All’alba di martedì 11 marzo 2025, una vasta operazione dei Carabinieri del NAS ha interessato le province di Napoli e Salerno, portando all’esecuzione di misure cautelari nei confronti di 70 persone. L’accusa principale è quella di associazione per delinquere finalizzata al falso ideologico e materiale, corruzione e truffa aggravata ai danni del Servizio Sanitario Nazionale (SSN).
Circa 300 militari sono stati coinvolti nell’operazione, eseguendo un’ordinanza emessa dal GIP di Napoli su richiesta della Procura partenopea. Le indagini hanno svelato un sistema illecito che coinvolgeva medici, impiegati pubblici e imprenditori del settore funebre, tutti accusati di manipolare procedure sanitarie e amministrative per ottenere vantaggi economici indebiti.
L’inchiesta ha portato alla luce un tariffario ben definito per servizi illeciti.

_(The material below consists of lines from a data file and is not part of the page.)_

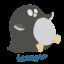 fatPenguin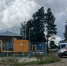 В поселке Седкыркещ к сетевому газу подключены первые дома - Bnkomi.Ru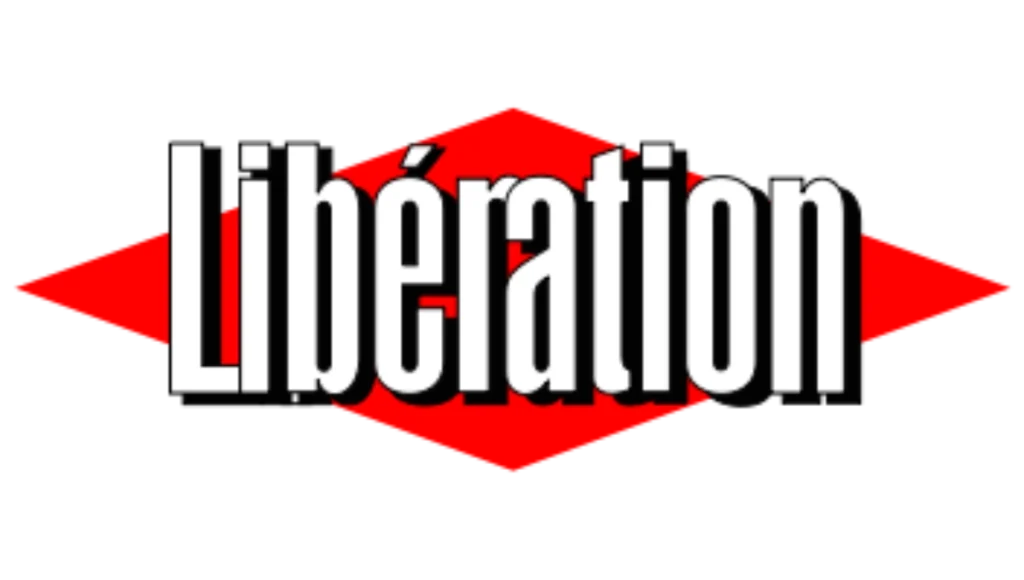 Liberation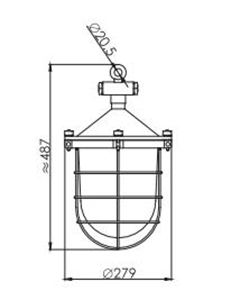 Marine-High-power-Pendant-Light1.jpg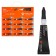 Glue super cyanacrilane Airline Extra Strong, 3 g, blisters on the substrate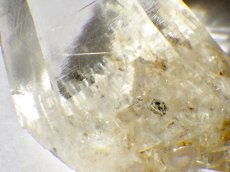 画像5: 山梨県産水晶Ａ (5)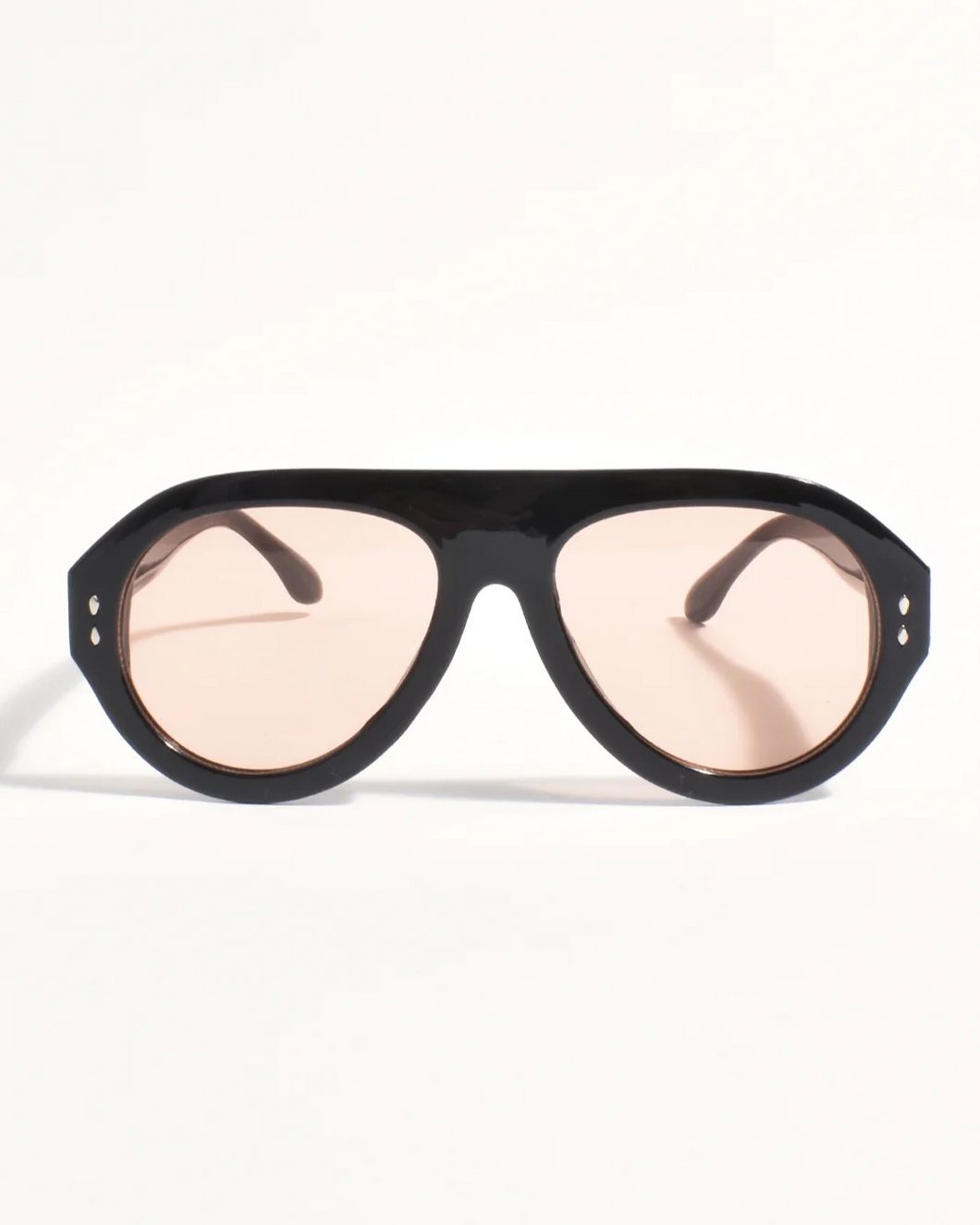Arkley Sunglasses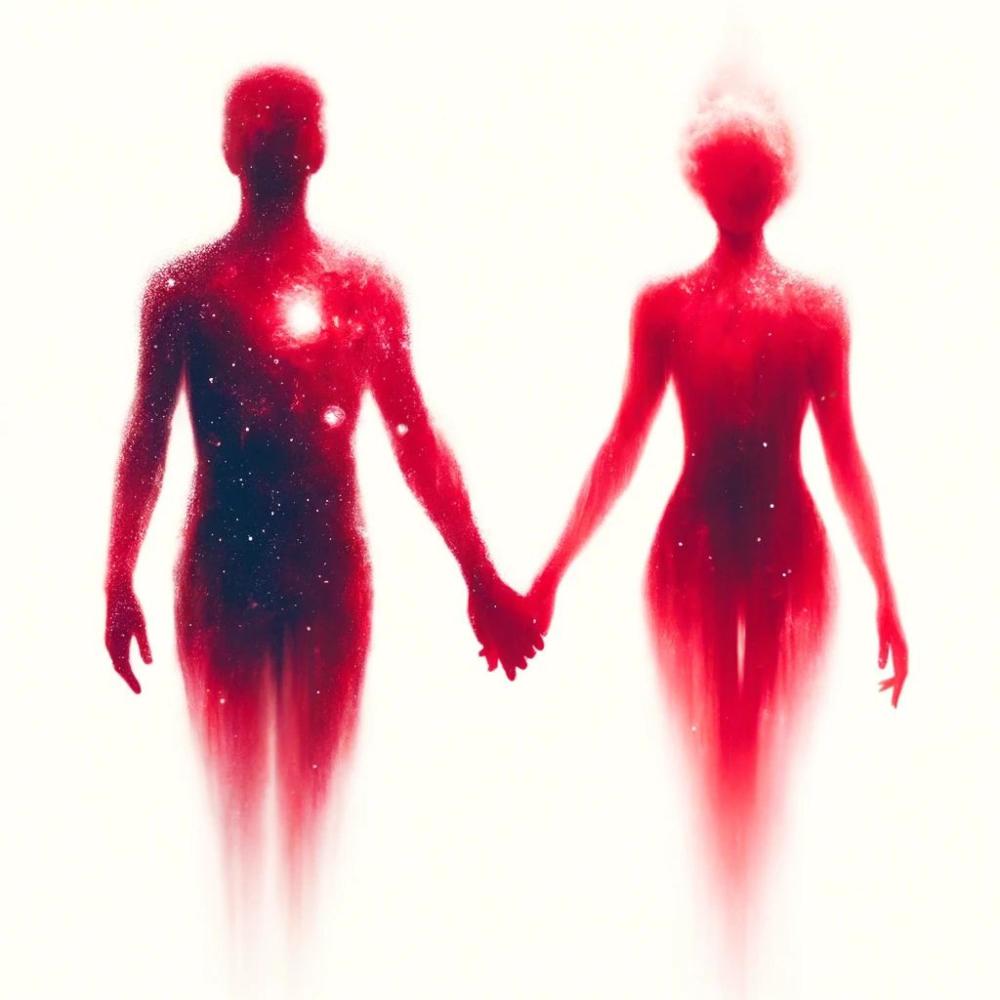 XTIXTIXTI (feat. Joaking F & Sislow)
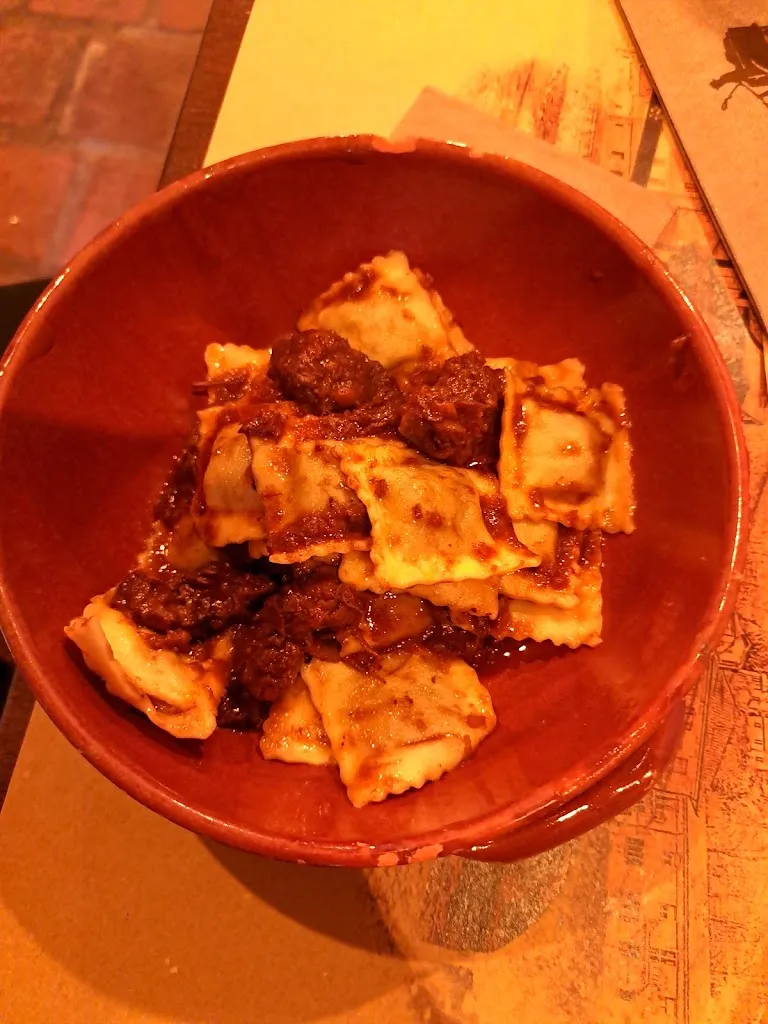 Menu_Vecchia Dogana_Rossiglione_immagine_6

I certificati di morte naturale venivano rilasciati dietro compenso di 50 euro, spesso senza che il medico legale visitasse il defunto, accelerando così le pratiche funerarie. Per ottenere l’autorizzazione alla cremazione senza le procedure standard, venivano richiesti 70 euro. In alcuni casi, i kit per l’esame del DNA dell’ASL Napoli 1 Centro sono stati trovati negli uffici delle imprese funebri, suggerendo un uso improprio di materiali pubblici. Inoltre, venivano emessi certificati falsi per ottenere permessi di parcheggio riservati ai disabili, dietro compenso.
Tra gli arrestati figurano cinque dirigenti medici dell’ASL Napoli 1 Centro, accusati di aver intascato tangenti dalle imprese funebri, diversi impiegati dell’ASL e dell’ufficio di stato civile del Comune di Napoli, coinvolti nella falsificazione di documenti e nell’accelerazione indebita delle pratiche funerarie, circa 30 imprenditori del settore delle pompe funebri, due dei quali nel frattempo deceduti, accusati di aver corrotto funzionari pubblici per ottenere certificazioni e autorizzazioni in modo illecito.
L’indagine, durata circa due anni, ha documentato 300 episodi illeciti, molti dei quali registrati tramite video. Il distretto sanitario coinvolto, situato nella zona del Chiatamone a Napoli, era già stato al centro di precedenti inchieste riguardanti falsi invalidi, suggerendo una radicata cultura dell’illegalità in quell’ambito.